SXML

From Seo Wiki - Search Engine Optimization and Programming Languages
Jump to navigationJump to search
SXML
Filename extension .sxml, .scm
Internet media type text/sxml
Type code TEXT
Type of format markup language

SXML is a way to write and process XML data in the form of S-expressions.

Textual correspondence between SXML and XML for a sample XML snippet is shown below:

XML SXML
<tag attr1="value1"
     attr2="value2">
  <nested>Text node</nested>
  <empty/>
</tag>
(tag (@ (attr1 "value1")
        (attr2 "value2"))
  (nested "Text node")
  (empty))

The following two observation can be drawn from the above example:

  1. Textual notations for XML and SXML are much alike; informally, SXML textually differs from XML in relying on round brackets instead of angular braces.
  2. Additionally, SXML is not only a straightforward textual notation for XML data, but also a primary data structure for a family of functional programming languages, thus providing an illustrative approach for processing XML data with a general-purpose programming language.

Similarity between XML and S-expressions reified in SXML allows achieving close integration between XML data and programming language expressions, resulting in illustrativeness and simplicity of XML data processing for an application programmer.

Motivation

XML data processing languages suggested by the W3 Consortium, such as XPath, XSLT, XQuery etc., are not general-purpose programming languages and are thus not sufficient for implementing complete applications[citation needed]. For this reason, most XML applications are implemented by means of traditional programming languages, such as C and Java; or scripting languages, for example, Perl, JavaScript and Python.

An attempt to combine two different languages (for example, XPath and Java) leads to a problem known as impedance mismatch.
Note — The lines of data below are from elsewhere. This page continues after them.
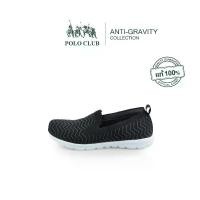 ราคา POLO CLUB รองเท้าผ้าใบผู้หญิง รุ่น P1852 สีดำ | รองเท้าสุขภาพผู้หญิง รองเท้าหัวมน รองเท้าส้นเตี้ย รองเท้าลำลองผู้หญิง รองเท้าแฟชั่น (1729456219477936247)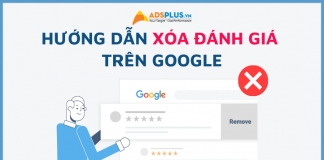 cách xóa review trên google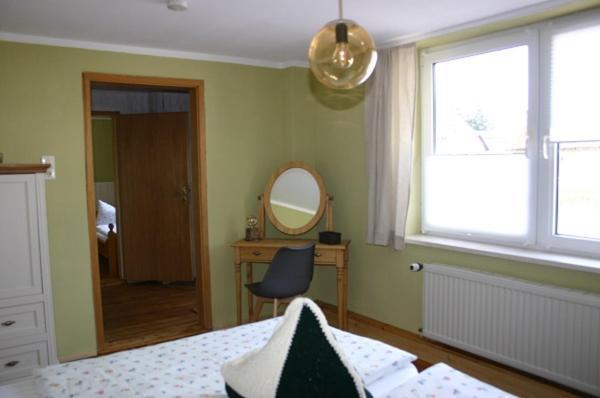 Traudi'S Huesing Apartment Борн Екстериор снимка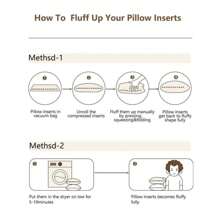Disney 1pc Cartoon Design Pillow Cover With Pillow Insert, A. Knitted Cool-Feel Fabric, B. 3D Bubble Dot Design, Soft, Skin-Friendly, Comfortable, Suitable For Napping, Bedroom, Hotel, Sofa Decor, All Seasons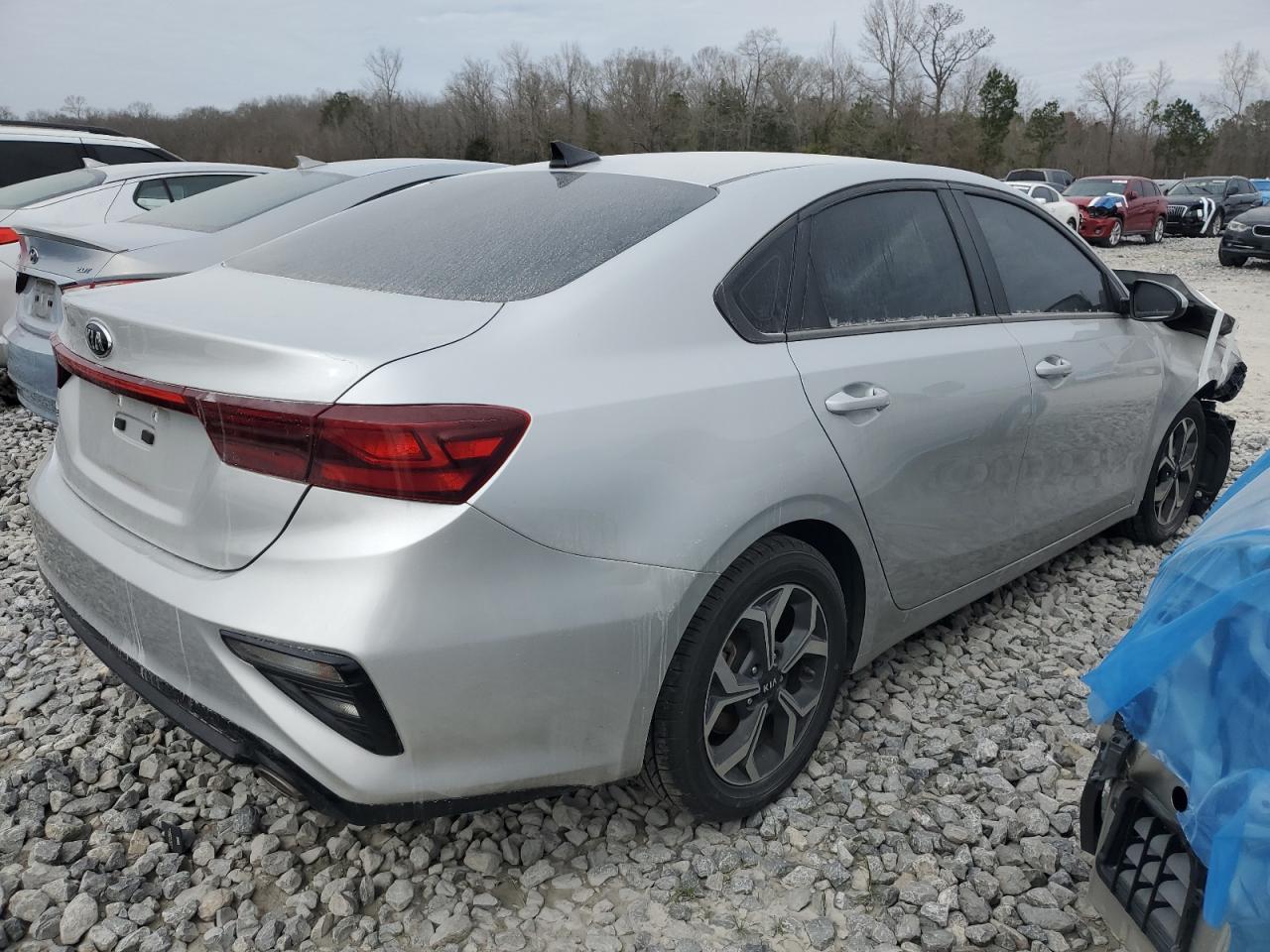 2021 Kia Forte - Image 3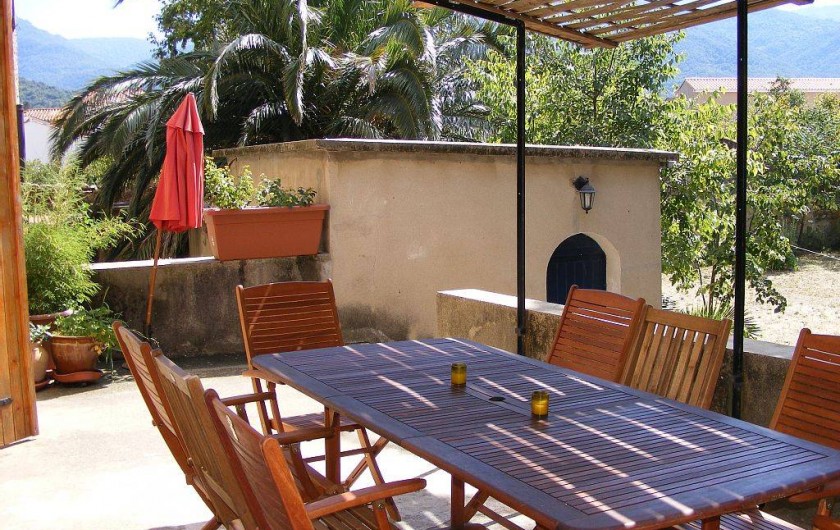 Location de vacances - Maison - Villa à Sorède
Impedance mismatch problem consists of two aspects:

Impedance mismatch requires complicated converters and APIs (for example, DOM) to be used for combining such two languages.

Impedance mismatch problem can be reduced and even eliminated using the Scheme functional programming language for XML data processing [1]:

  • Nested lists (S-expressions in Scheme) provide a natural representation for nested XML documents. Scheme represents its code and data as nested lists of dynamically typed elements. XML document, being a hierarchical structure of nested XML elements, can be thought of as a hierarchical nested Scheme list (so-called S-expression).
  • Scheme is a functional language, as most XML-languages are (e.g. XSLT and XQuery). Scheme processes (nested) lists in a recursive manner which can be thought of as traversing/transforming the document tree.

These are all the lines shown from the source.